Epilepsy Curr. 2015 Jan-Feb;15(1):10-2.
The benefits of breastfeeding continue to be discovered. The current guidelines of the American Academy of Pediatrics recommend breast milk as the primary source of nutrition for the first 6 months and as a supplement for at least the first year. Breastfeeding has been shown to reduce the incidence of infections, autoimmune disorders, sudden infant death syndrome (SIDS), and infant mortality. The greatest benefits were observed in children breastfed for more than 6 months, but any human milk is beneficial. Multiple studies associate breast-feeding with increased cognition, specifically verbal cognition, in preschool and school-age children. However, breastfeeding can be contraindicated in some cases, such as an infant with a metabolic disorder or maternal infections, or maternal medications that may be harmful.
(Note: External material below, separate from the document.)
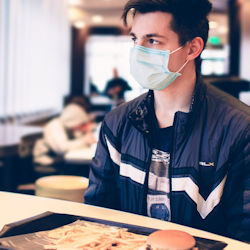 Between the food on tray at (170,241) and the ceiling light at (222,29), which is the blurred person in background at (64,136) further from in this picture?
the ceiling light at (222,29)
For the case of AEDs, the safety of breastfeeding has been unclear, and the option was often discouraged by primary care physicians and pediatricians. The main concern is the level of AED(s) in the breast milk and the overall dose the infant will receive. Unlike in utero exposure, in which the fetal levels are similar to maternal plasma concentrations, AEDs are differentially secreted into human milk. Phenytoin and valproate are considered safe due to very low concentrations found in milk. By contrast, the levels of levetiracetam in breast milk are high and may be equivalent to a therapeutic dose. Therefore, a mother with epilepsy and her health care team are faced with the conundrum of whether the benefits of breastfeeding will overcome the potential harm due to the possible AED exposure.